Who technically won the knockout? Pharrell picked Lowell Oakley. Look, both of these performances had flaws, so this really, truly felt like a personal preference over anything more calculated. Lowell is pretty different both on The Voice and within modern music, and that's very appealing to Pharrell.
Who should have won the knockout? Do you prefer someone natural or someone who puts on an act? To me, Jacob Rummel should have taken this home. Not only does he have a pure love of music, but he has a more interesting tone and real personality. Pharrell, you done goofed.
Treeva Gibson, "Chasing Pavement": Taking on Adele is one of the most difficult things to do in a singing competition, so this was definitely a major risk. I don't know how much she was up for it. Treeva Gibson's voice is just a little too immature for a song with this much weight to it and so many big jumps in range.
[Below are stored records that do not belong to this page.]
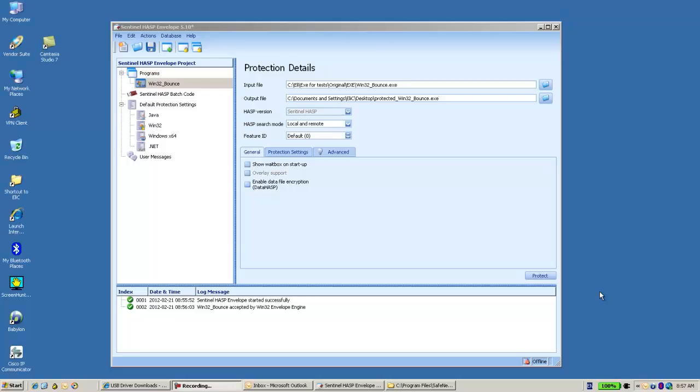Hello, this is Ali from SafeNet technical support. This is the envelope and we can obviously work with it and protect it.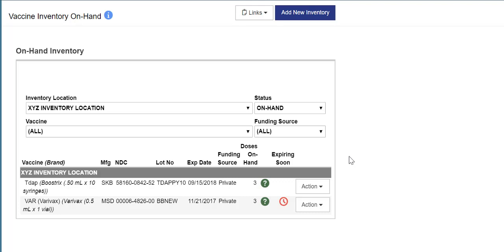In this video demonstration, you will learn about the SysTransactions feature. This feature allows you to view all transactions for a vaccine item and reverse certain types of adjustments.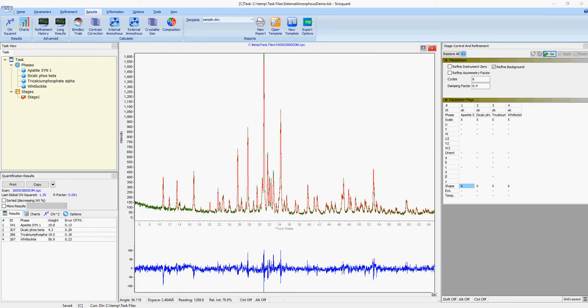The standard should be run at the same time as the sample and refined as normal, as the results will be used when determining the amorphous content. One point to note on using the external standard method is that chemistry is required as we need to know the mass absorption coefficient of the sample.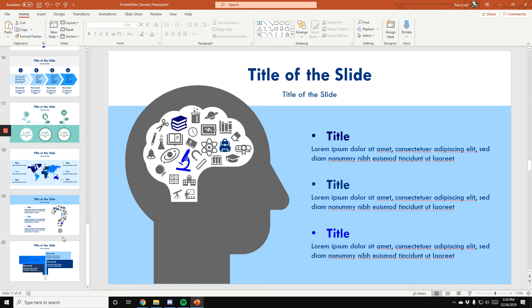Every single slide pack that you'll find within Simple Slides, if you do decide to pay for the full lifetime access and get all of our slides, over 6,000 of them and counting, you will get access to a bunch of slides that are just like this, have icons in them that you can change and do whatever you want with, along with a bunch of graphics and a bunch of layouts that will be perfect for every single type of presentation that you would ever try to do.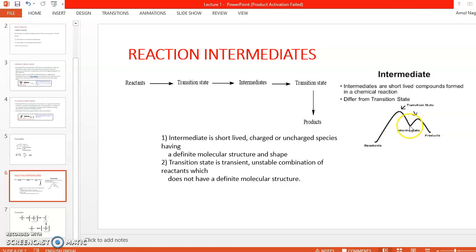In the graphical representation: starting from the reactant, energy rises to a transition state, then drops to form an intermediate; energy rises again to a second transition state, and finally there is a formation of the product. So in every reaction, there is a formation of intermediates before we get the product. Intermediates are of different types: if the intermediate is positively charged it is a cation; if negatively charged it is an anion; and free radicals are also a type of intermediate.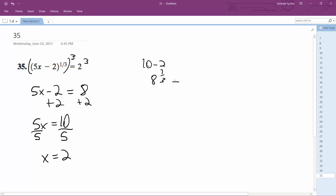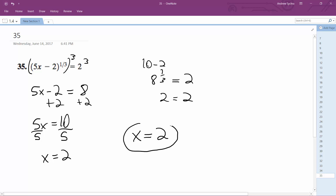The cube root of 8 is equal to 2, so x is equal to 2. That's it.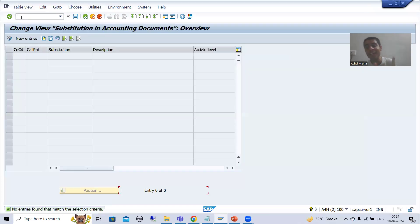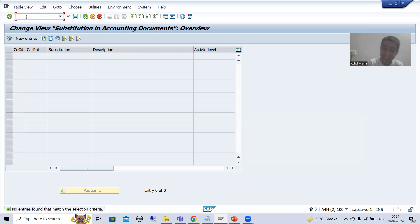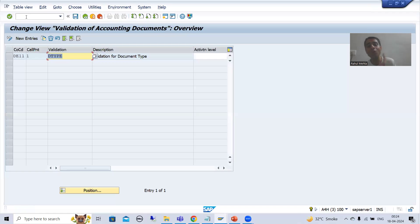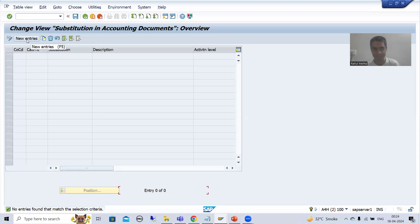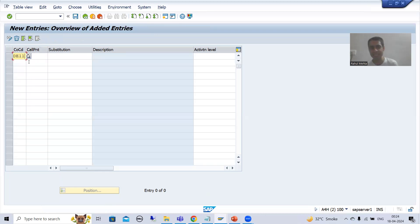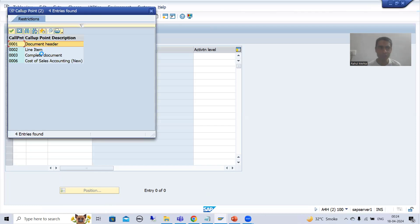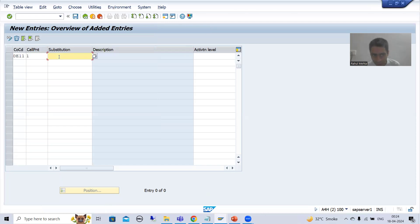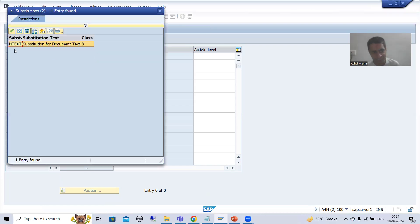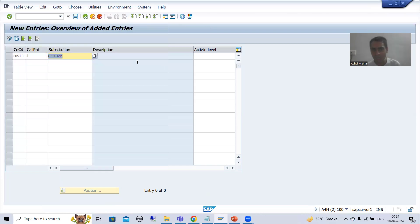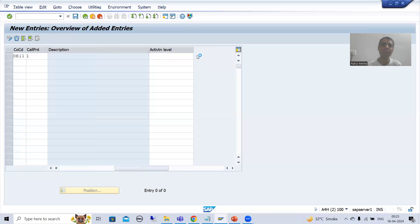OBBH is a dedicated transaction code for substitution of accounting documents or financial accounting. If you remember, OB28 is a dedicated transaction code for validations of accounting documents. I will go for new entries. The company code is TE11, the call point is header so it will always be 00005. Whenever I press F4 for help, the substitution name HTEXT will automatically appear. I will go for activation.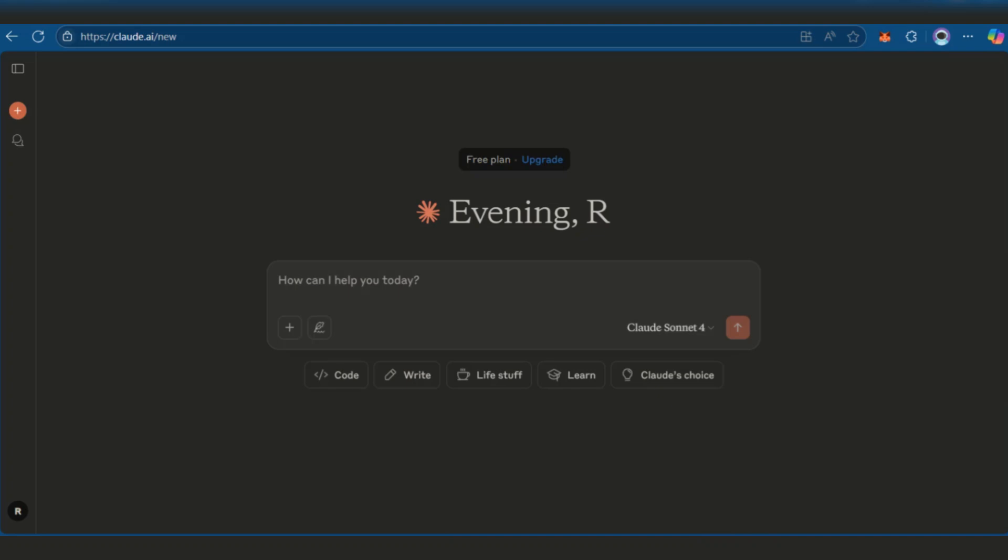What's up, everyone? In this tutorial, we'll be showing you how to use Claude AI to build a website.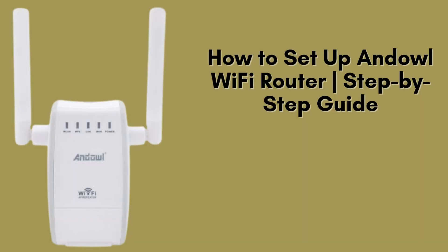In today's video, we're going to show you how to set up the Andowl Wi-Fi router step-by-step. Whether you're installing it for the first time or replacing your old router, this guide will make the setup process super easy. Let's get started.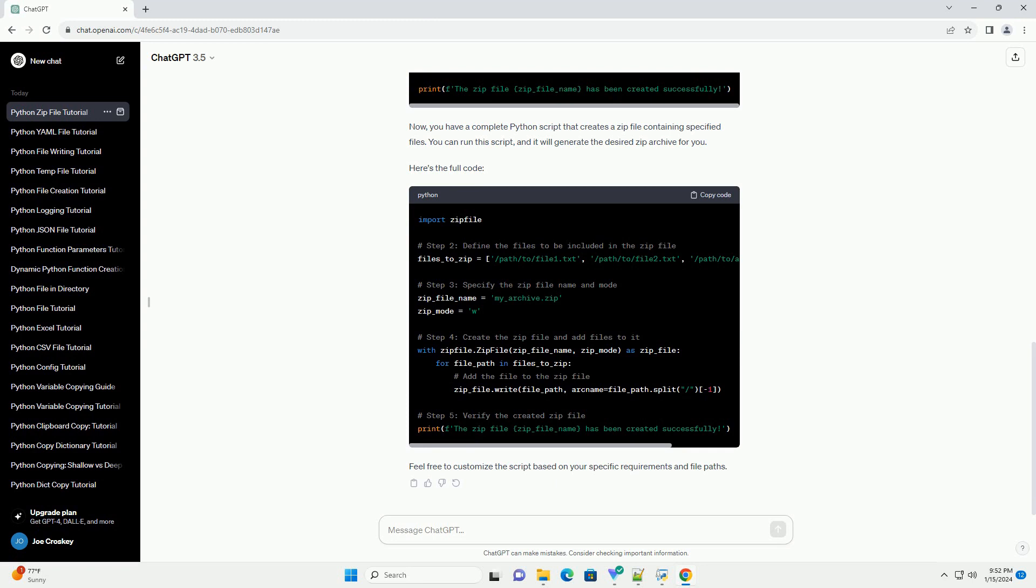To verify that the zip file has been created successfully, you can print a message indicating its creation or check its contents.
Her passion was so much there, and she did start to come out of her shell, which was really, truly nice to see.
Rob Taylor, "Love and Happiness": Rob Taylor is one to beat on The Voice. His audition song was one of the absolute strongest - this guy has a falsetto and a swagger that feels very much unmatched. His performance of "Love and Happiness" lacked the modern punch that we've previously seen from Rob. He's a future PBR&B star if he wants to be, and this just felt a little generic, at least it definitely did when he was in his lower register. When Rob reached into his falsetto, he was far more intriguing. This wasn't a blow away performance, but it was solid.
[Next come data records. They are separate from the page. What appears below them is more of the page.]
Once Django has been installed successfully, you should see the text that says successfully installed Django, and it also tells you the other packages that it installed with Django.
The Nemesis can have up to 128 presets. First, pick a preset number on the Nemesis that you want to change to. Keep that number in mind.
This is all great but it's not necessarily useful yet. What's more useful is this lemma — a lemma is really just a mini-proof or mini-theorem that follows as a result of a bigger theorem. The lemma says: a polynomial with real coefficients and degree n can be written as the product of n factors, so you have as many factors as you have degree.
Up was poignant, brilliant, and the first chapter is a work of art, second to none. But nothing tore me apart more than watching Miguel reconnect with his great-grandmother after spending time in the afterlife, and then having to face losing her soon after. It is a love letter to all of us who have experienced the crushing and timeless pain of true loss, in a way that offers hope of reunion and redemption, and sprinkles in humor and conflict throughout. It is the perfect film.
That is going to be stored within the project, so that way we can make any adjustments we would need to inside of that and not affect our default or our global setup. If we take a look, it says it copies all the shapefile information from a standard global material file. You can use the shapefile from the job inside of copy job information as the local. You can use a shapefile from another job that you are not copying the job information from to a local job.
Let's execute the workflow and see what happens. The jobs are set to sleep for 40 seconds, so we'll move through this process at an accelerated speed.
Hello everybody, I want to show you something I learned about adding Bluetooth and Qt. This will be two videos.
Who technically won the knockout? Rob Taylor took this one home. His range and performance capabilities are just really unmatched.
Who should have won the knockout? Despite being a little dull, Rob was really on point tonight, and Treeva still has a lot of work to do. If Christina is looking to win, then she made the right choice.
Joshua Davis, "Arms of a Woman": There is something about the artistry of Joshua Davis that feels so much like Taylor Goldsmith of Dawes, so I'm sort of just waiting for that cover to come along. But, for tonight, we got Amos Lee. What's nice about him is just the level of artistry here - it's something that Adam Levine did well with last year, and it could do him well this year. Joshua is all about the pure emotion, and he packed a nice punch again here by keeping it sweet and simple.
Lexi Davila, "Anything Could Happen": When you think stellar knockout vocal, at least for me, Ellie Goulding is never who comes to mind. But, Lexi Davila managed to make this work out very well. She decorated each and every note in this performance with a flawlessness, really selling and reaching. I'm not sure where Lexi has been this entire competition, but she definitely has a unique quality to her that seems to be unmatched thus far.
Who technically won the knockout? Adam Levine went for Joshua Davis. Honestly, this was a weird matchup, and it definitely felt like these two were just the ones who were leftover at the end of the show. So, when comparing apples and oranges, Adam went the apple that's closest to his eye.
Who should have won the knockout? In the world of apples and oranges, I think the orange that is Lexi is a little bit appealing. We've seen lots of singer-songwriters on The Voice, but few people who have this sort of interesting pop appeal... at least in the last year. So, Christina nabbed her up for her own team.